AP Dış İlişkiler Komitesi'nde görüşülen Türkiye-Avrupa Birliği ilişkileri konulu bir taslak raporunda, "klinik olarak ölü" katılım sürecini devam ettirmek yerine, AB-Türkiye ilişkileri için "alternatif ve gerçekçi bir çerçeve" keşfedilmesi gerektiği belirtildi.

Avrupa Parlamentosu, dün Brüksel'de AP Dış İlişkiler Komitesi'nde Türkiye-Avrupa Birliği ilişkilerini ele alan bir taslak raporu görüşüldü.

Raporda, "klinik olarak ölü" katılım sürecini devam ettirmek yerine, AB-Türkiye ilişkileri için "alternatif ve gerçekçi bir çerçeve" keşfedilmesi gerektiği belirtildi.

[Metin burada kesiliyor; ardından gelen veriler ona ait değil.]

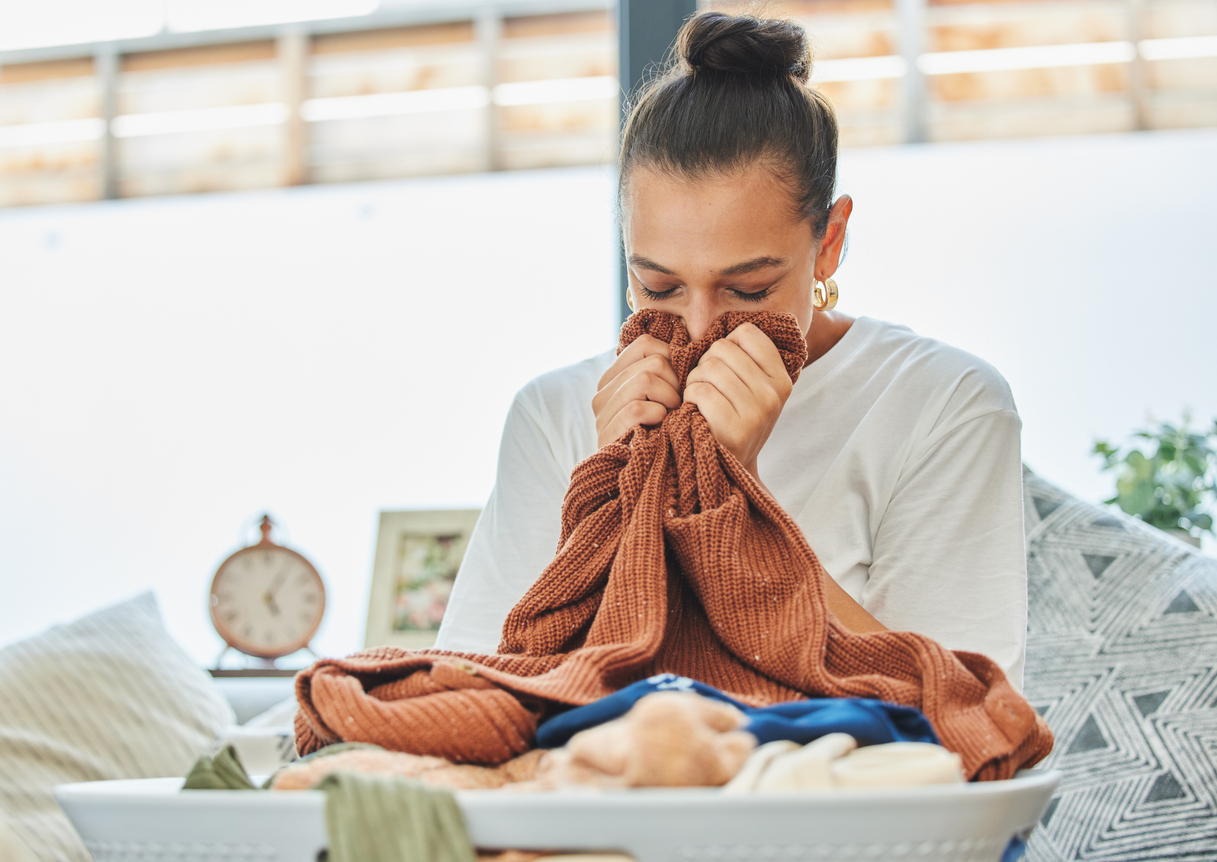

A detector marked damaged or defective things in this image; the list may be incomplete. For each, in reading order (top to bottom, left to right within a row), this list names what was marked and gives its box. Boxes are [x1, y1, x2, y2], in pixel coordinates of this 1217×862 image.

rust knit sweater [290, 312, 1048, 784]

AP Türkiye Raportörü Nacho Sanchez Amor, "Cumhurbaşkanı Erdoğan'ın yeniden seçilmesi ve yaptığı ilk açıklamaların AB ile Türkiye arasında gerçekten bir yeniden angajman olmasını istediği perspektifini vermemesi nedeniyle siyasi düzeyde bir sürekliliğin ortaya çıktığını görebiliyoruz. AB tarafında Türkiye'ye vize konusunda şantaj yapmaya çalıştığımızı söylüyor, muhalif gazetecileri suçluyor ve genel olarak LGBTİ toplumuna yönelik saldırılarını sürdürüyor" dedi.

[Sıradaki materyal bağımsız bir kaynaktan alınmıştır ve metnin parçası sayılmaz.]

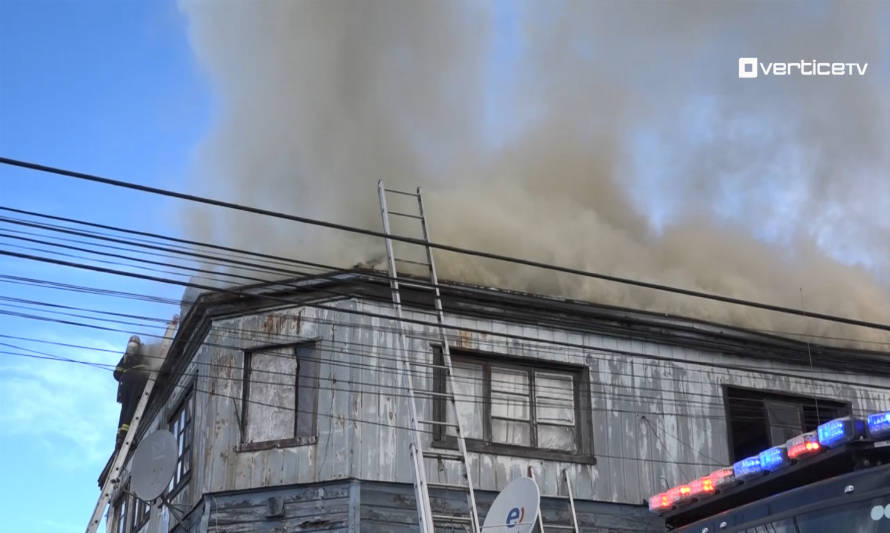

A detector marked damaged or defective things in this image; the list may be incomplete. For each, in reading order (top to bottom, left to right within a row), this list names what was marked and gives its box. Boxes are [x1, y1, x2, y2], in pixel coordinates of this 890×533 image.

broken window [241, 340, 318, 448]
broken window [436, 348, 588, 460]
broken window [720, 384, 848, 460]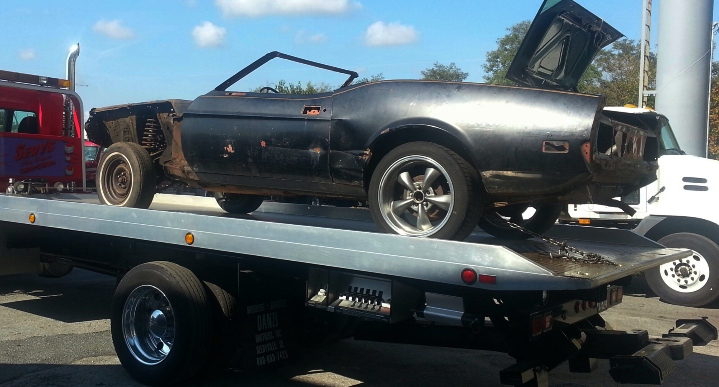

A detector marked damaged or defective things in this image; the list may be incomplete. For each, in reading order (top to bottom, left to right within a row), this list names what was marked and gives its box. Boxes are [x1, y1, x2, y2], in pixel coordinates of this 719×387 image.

rusted car body [83, 0, 660, 241]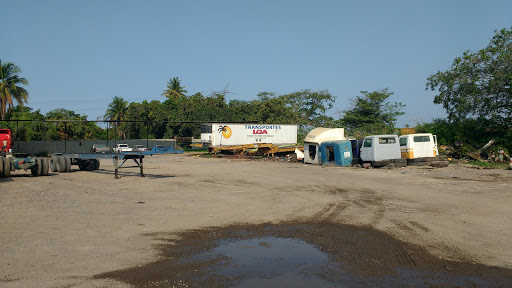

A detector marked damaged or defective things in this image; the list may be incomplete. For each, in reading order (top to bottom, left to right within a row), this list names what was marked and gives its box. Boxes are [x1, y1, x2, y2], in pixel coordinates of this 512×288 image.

abandoned blue van [318, 140, 354, 166]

Nacho Sanchez Amor, Türkiye'deki seçimlerden önce, seçimlerin sonucundan bağımsız olarak Türkiye'nin AB'ye katılım sürecinin devam edemeyeceğini belirttiğini hatırlattı.

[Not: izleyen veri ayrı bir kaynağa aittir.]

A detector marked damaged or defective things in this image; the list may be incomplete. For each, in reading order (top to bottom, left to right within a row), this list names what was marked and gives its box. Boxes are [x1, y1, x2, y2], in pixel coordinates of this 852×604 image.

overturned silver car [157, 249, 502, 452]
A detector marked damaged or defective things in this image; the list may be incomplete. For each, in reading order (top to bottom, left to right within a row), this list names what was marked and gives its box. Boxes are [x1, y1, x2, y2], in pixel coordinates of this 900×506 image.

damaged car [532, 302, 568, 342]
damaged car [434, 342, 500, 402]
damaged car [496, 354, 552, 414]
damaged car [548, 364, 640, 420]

Amor, "Katılım sürecinin devam edebilmesi için Türkiye'de köklü değişiklikler olması gerekir" diyerek, uygun reformların eşlik etmediği bir sürecin devam etmesinin "ters etki" yaratacağı görüşünü dile getirdi.

Amor ayrıca, bu nedenle "alternatif bir AB-Türkiye ilişkilerinin değerlendirilmesi gerektiğini, ancak aynı zamanda AB'nin Türkiye'den değişim olacağına dair bir sinyal beklediğini ve bunun somut siyasi eylemlerle gösterilmesi" gerektiğini vurguladı.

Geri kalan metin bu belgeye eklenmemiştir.